Y aura-t-il une collaboration avec les autres Speaking Unions ou centres culturels ?
Oui. Il n’y a pas eu beaucoup d’échanges jusqu’à présent mais je pense qu’on pourra faire beaucoup de choses ensemble y compris des manifestations interculturelles. Pour partager la richesse du bhojpuri avec les autres, il faut avoir la passion, l’amour et bien sûr un projet bien structuré et l’encadrement voulu pour aller de l’avant
Maintenant que la présidente de la BSU est connue, quelle est la prochaine étape ?
La mise en place du conseil exécutif. Il y aura quarante membres. Il faudrait ensuite qu’on trouve un site pour opérer. Le premier travail sera l’organisation du bhojpuri festival et on aura une approche inclusive avec la participation de tous, organisations non gouvernementales, ministères, collectivités locales. Le festival comptera par exemple un concours d’écriture, un food festival, un défilé de mode, des expositions et des ventes de livres…
Qu’est-ce qui vous a poussé à ce travail de valorisation du bhojpuri ?
Je suis née à Port-Louis, et dans l’enceinte familiale on parlait le bhoj. Avec les amis, les cousins et cousines, on parlait kreol. Mais il y avait toujours l’amour pour la langue maternelle. Mon père m’envoyait apprendre l’hindi aux Salines. Quand je suis rentrée de mes études de l’Inde avec une licence de géographie en poche, j’ai fait la connaissance du Swami Krishnanand. C’était vers 1967-1968. Il a fait un travail immense pour donner des formations aux jeunes des régions rurales. J’ai intégré ce mouvement. Il n’y avait pas de filles dans ces formations à l’époque. J’ai suivi un cours de leadership. Quand je suis allée dans les villages, c’était un tout autre univers. Un univers extraordinaire. Les gens autour de moi parlaient bhojpuri. J’ai dû m’adapter et j’étais enchantée de voir cette richesse avec les dames qui chantaient dans les mariages.

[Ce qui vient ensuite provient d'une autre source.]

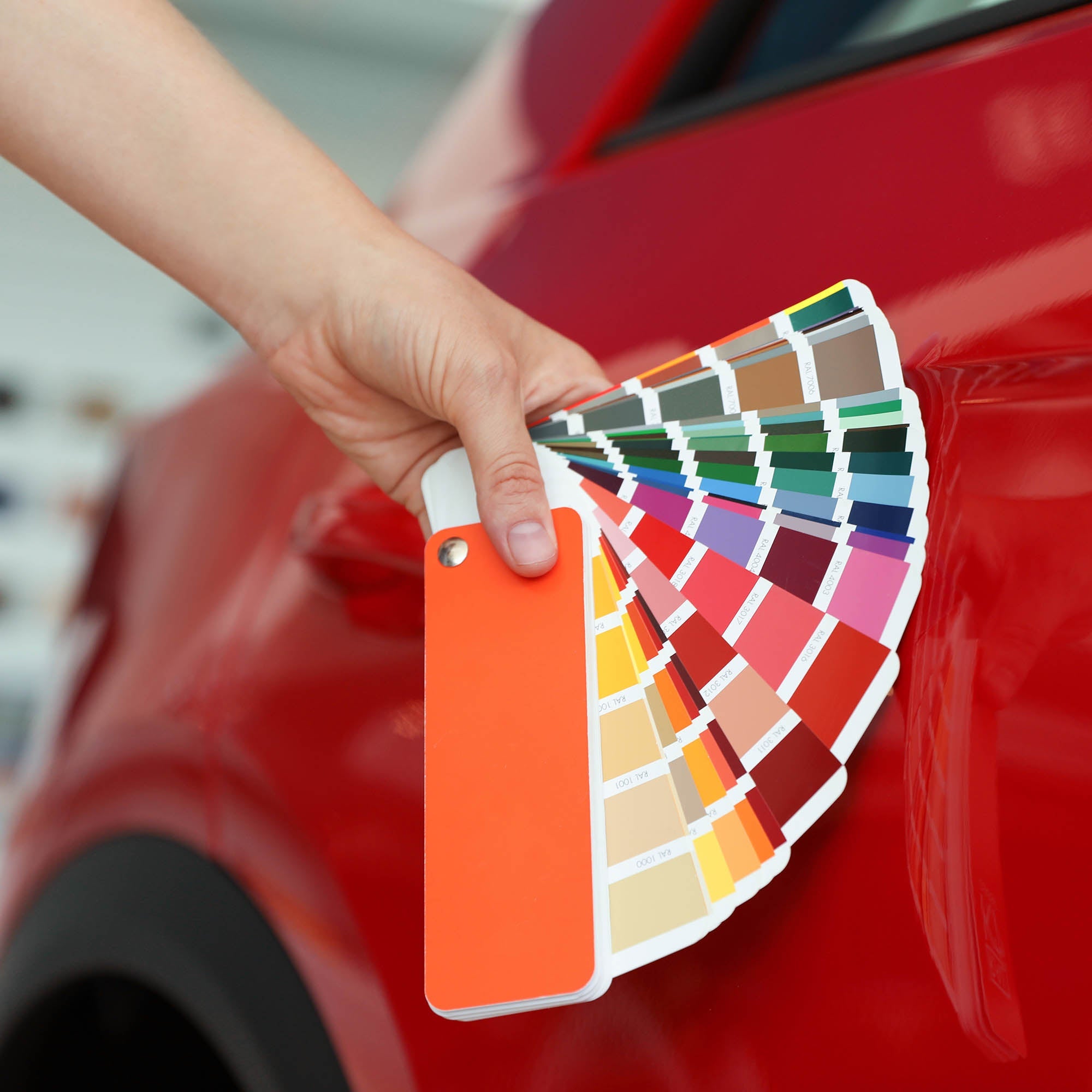 Paint & Panel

Nous prenions cette langue pour acquise et nous oublions qu’elle a été la langue de communication, celle de la peur et du complexe d’infériorité. Et toute la culture bhojpuri subissait cette même humiliation. Plus de 150 ans après leur arrivée à Maurice, on n’acceptait toujours pas leur manière de s’habiller, de manger avec les doigts… J’ai constaté que les gens avaient honte de parler bhojpuri lorsqu’ils venaient en ville. Je me suis dit qu’il y avait un travail à faire pour qu’ils aient confiance en leur identité, leur langue, leur art, leur culture… Il fallait donner leur dignité aux locuteurs de cette langue. Ils avaient besoin d’un encadrement. Aujourd’hui encore, j’ai le sentiment qu’il n’est pas bien accepté et je crois que la BSU lui a donné plus de respect et de dignité. Comme pour l’ourdou et l’hindi, il a fallu beaucoup se battre pour sa reconnaissance.